For the first time in its history, West Midlands Ambulance Service’s board yesterday agreed to go into an “unprecedented” level 25 risk category, with senior medics expressing fears its paramedics are reaching patients too late.

As winter approaches, nursing director Mark Docherty’s stark warning – where he admitted some patients were “dying before we get to them” – is likely to ring agonisingly in the ears of board members up and down the country.

Not least because of NHS England and Improvement’s controversial intervention on Tuesday – where trusts and integrated care systems were instructed to take urgent action to “immediately stop all delays to ambulance handovers”.

As reported by HSJ, the national bodies warned of “difficult choices” and said leaders should discuss the issue of ambulance handovers at every board meeting they hold.

In a letter sent to all local chief executives and chairs, trusts were told “corridor care” is “unacceptable as a solution”, adding that ambulances should not be used as “additional ED cubicles”.

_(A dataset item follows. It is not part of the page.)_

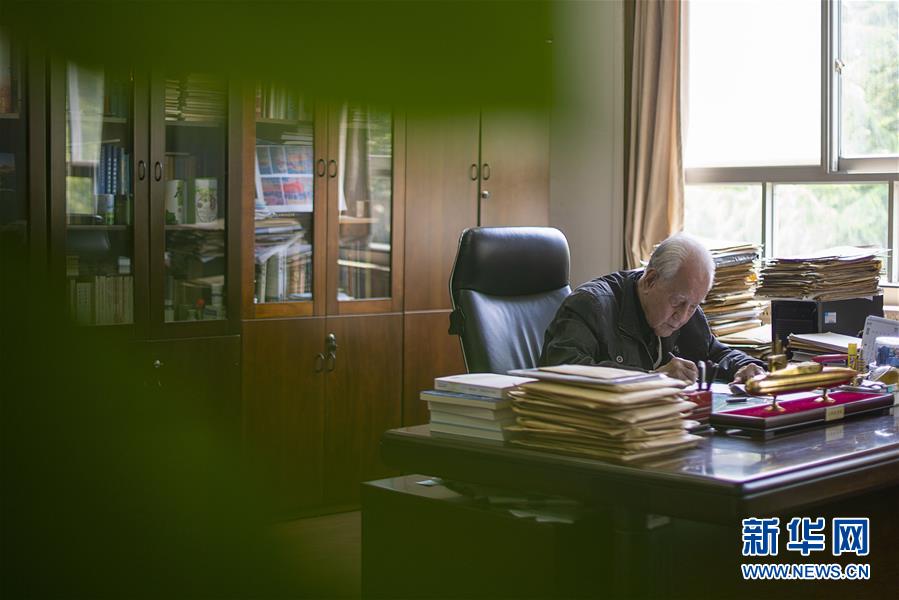 (今日關(guān)注·科技獎(jiǎng)勵(lì)大會(huì)·圖文互動(dòng))(5)此生屬于祖國,此生無怨無悔——隱身30年的中國核潛艇先驅(qū)黃旭華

If that article’s comments section is anything to go by, the move has jarred with medics who have been warning of mounting pressure for months.

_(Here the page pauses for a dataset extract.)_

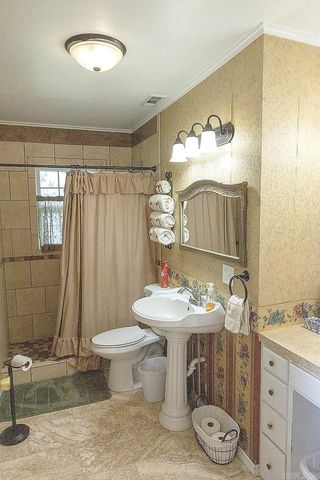 1201 S Reine Street, Mena, AR 71953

‘Out of touch’ and out of the picture

The Care Quality Commission has spelt out the problems which have prompted it to rate leadership at a newly merged acute trust “inadequate”.

The CQC, which has now published its full report after a July inspection, said Liverpool University Hospitals Foundation Trust was “much worse” than comparators for whistleblowing alerts, with 15 reported over an eight-month period.

Senior leaders were seen as “out of touch” with what was happening on the front line and as being unable to understand the risks or issues described by staff. 

There were also found to be serious failings around patients’ safety in the emergency services, which was rated “requires improvement” overall.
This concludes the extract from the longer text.